▶ _TASK GOAL_:
Please repeat only the lines below starting at the line that holds "Дамски панталон Lindbergh, Размер" and ending at the line that holds "Anal Aneros PRELUDE ENEMA BULB KIT LIMITED EDITION BLUE Anal", exactly, with both of those lines included and every picture omitted.

▶ _STUDY MATERIAL_:
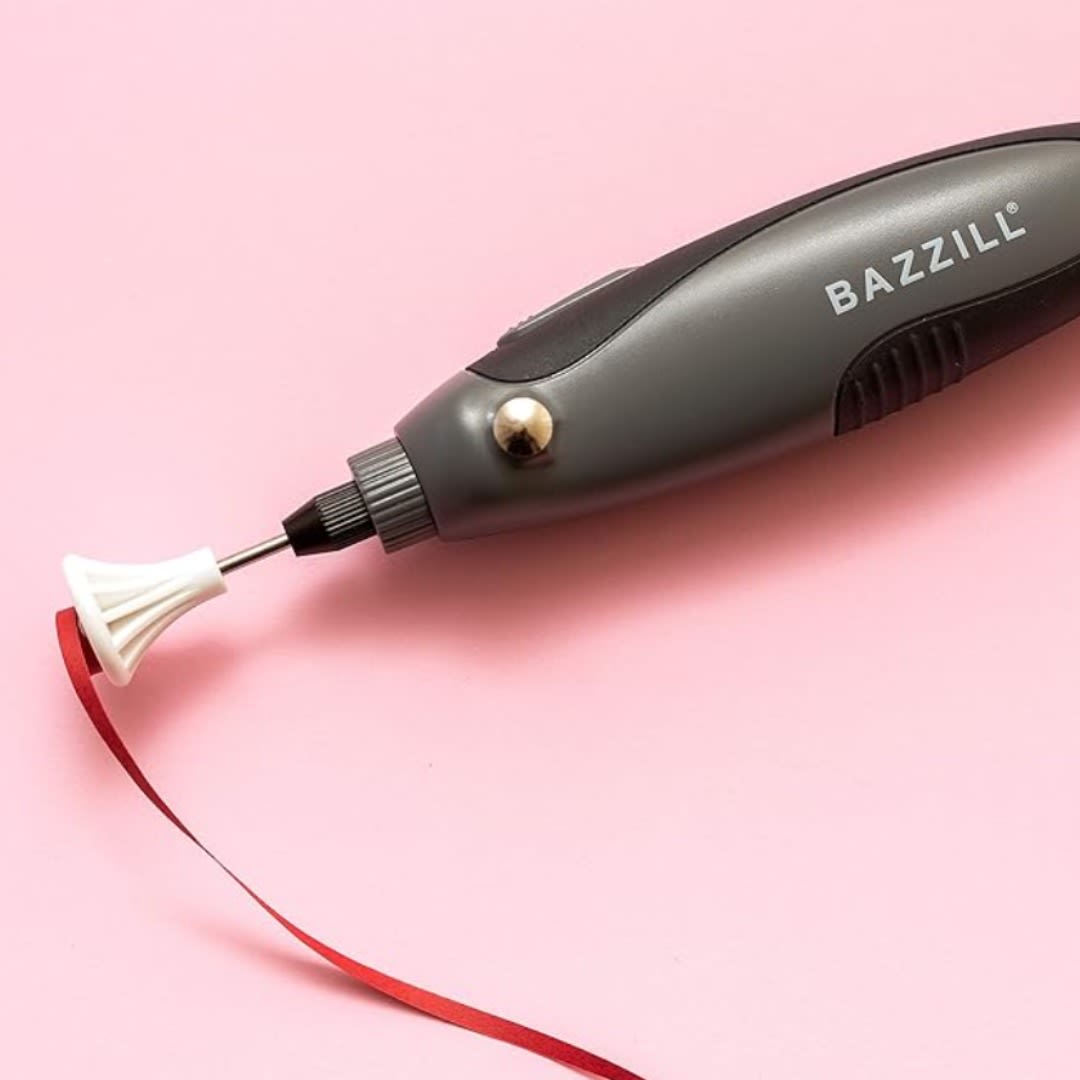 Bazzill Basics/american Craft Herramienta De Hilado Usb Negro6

---

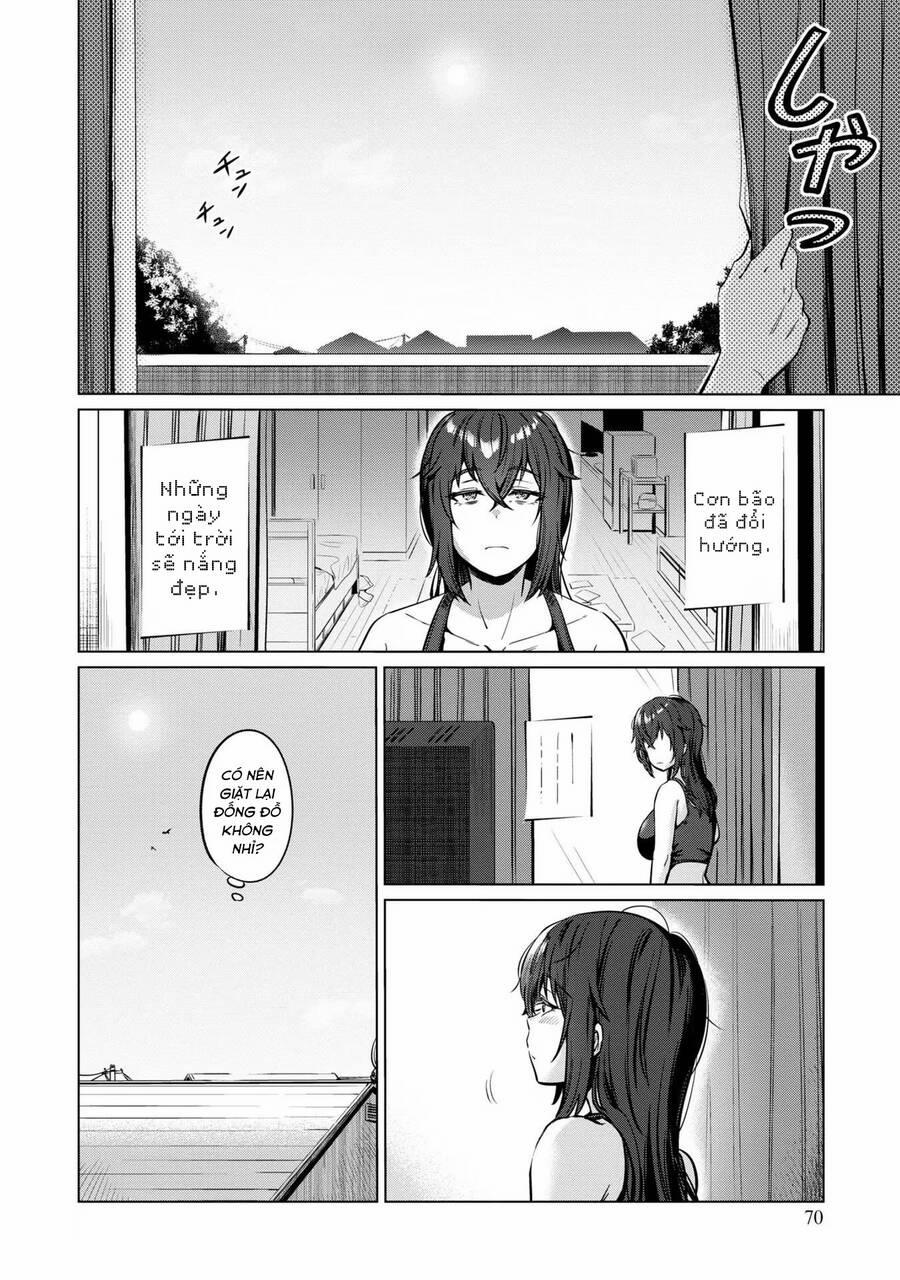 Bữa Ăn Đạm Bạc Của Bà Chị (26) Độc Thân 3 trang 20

* * *

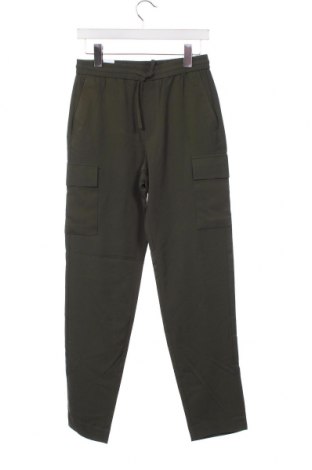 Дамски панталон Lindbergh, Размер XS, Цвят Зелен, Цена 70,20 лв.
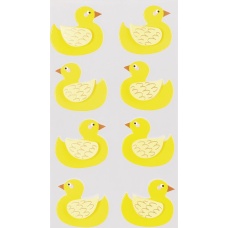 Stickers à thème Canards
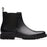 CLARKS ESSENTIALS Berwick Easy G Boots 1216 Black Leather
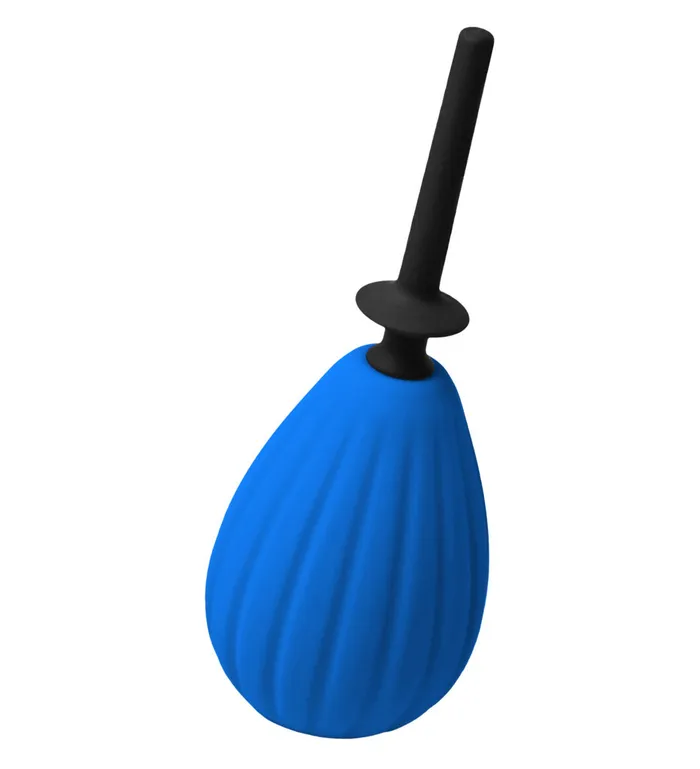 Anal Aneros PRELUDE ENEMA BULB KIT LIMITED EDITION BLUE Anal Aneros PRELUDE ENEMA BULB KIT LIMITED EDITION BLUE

▶ _WRITTEN ANSWER_:
 Дамски панталон Lindbergh, Размер XS, Цвят Зелен, Цена 70,20 лв.
 Stickers à thème Canards
 CLARKS ESSENTIALS Berwick Easy G Boots 1216 Black Leather
 Anal Aneros PRELUDE ENEMA BULB KIT LIMITED EDITION BLUE Anal Aneros PRELUDE ENEMA BULB KIT LIMITED EDITION BLUE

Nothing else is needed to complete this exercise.